GIVEN INFORMATION:

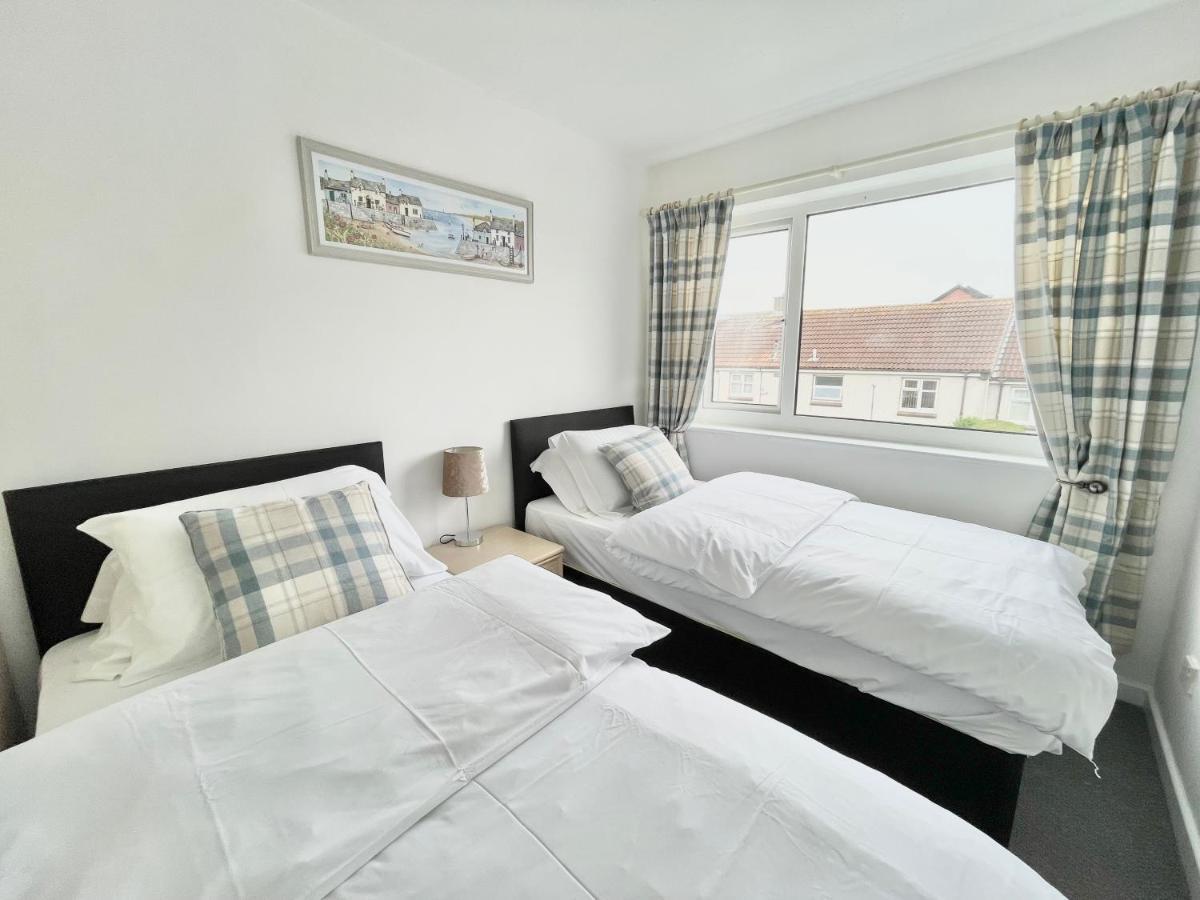Cae Glas Apartments Holyhead Eksteriør billede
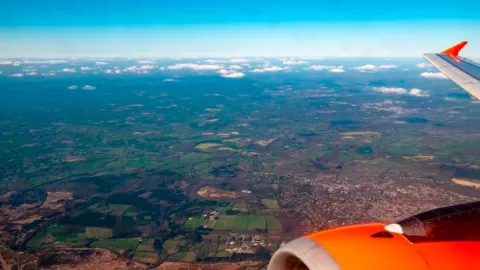 Abuela espera a los 4 niños desaparecidos en accidente aéreo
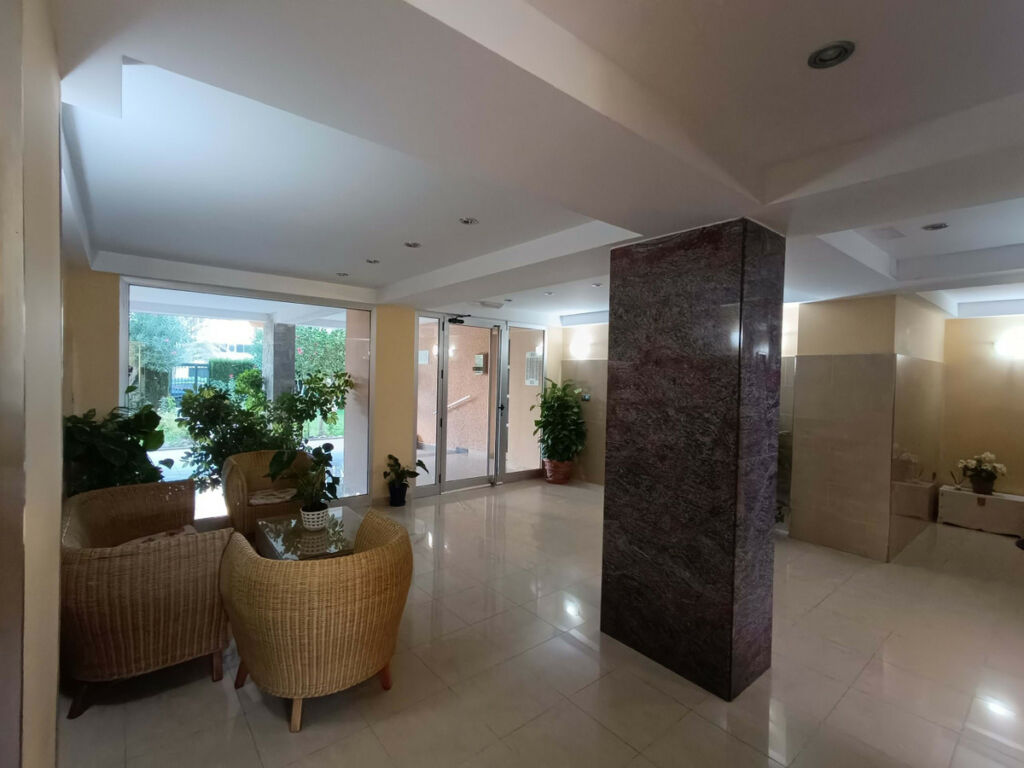 Middle Floor Apartment Campoamor Alicante - image 23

WORK INSTRUCTIONS: Please give again, word for word, the lines from the one containing "Abuela espera a" through the last line of the listing above, inclusive, and leave out pictures.

SOLUTION TO THIS EXERCISE:
 Abuela espera a los 4 niños desaparecidos en accidente aéreo
 Middle Floor Apartment Campoamor Alicante - image 23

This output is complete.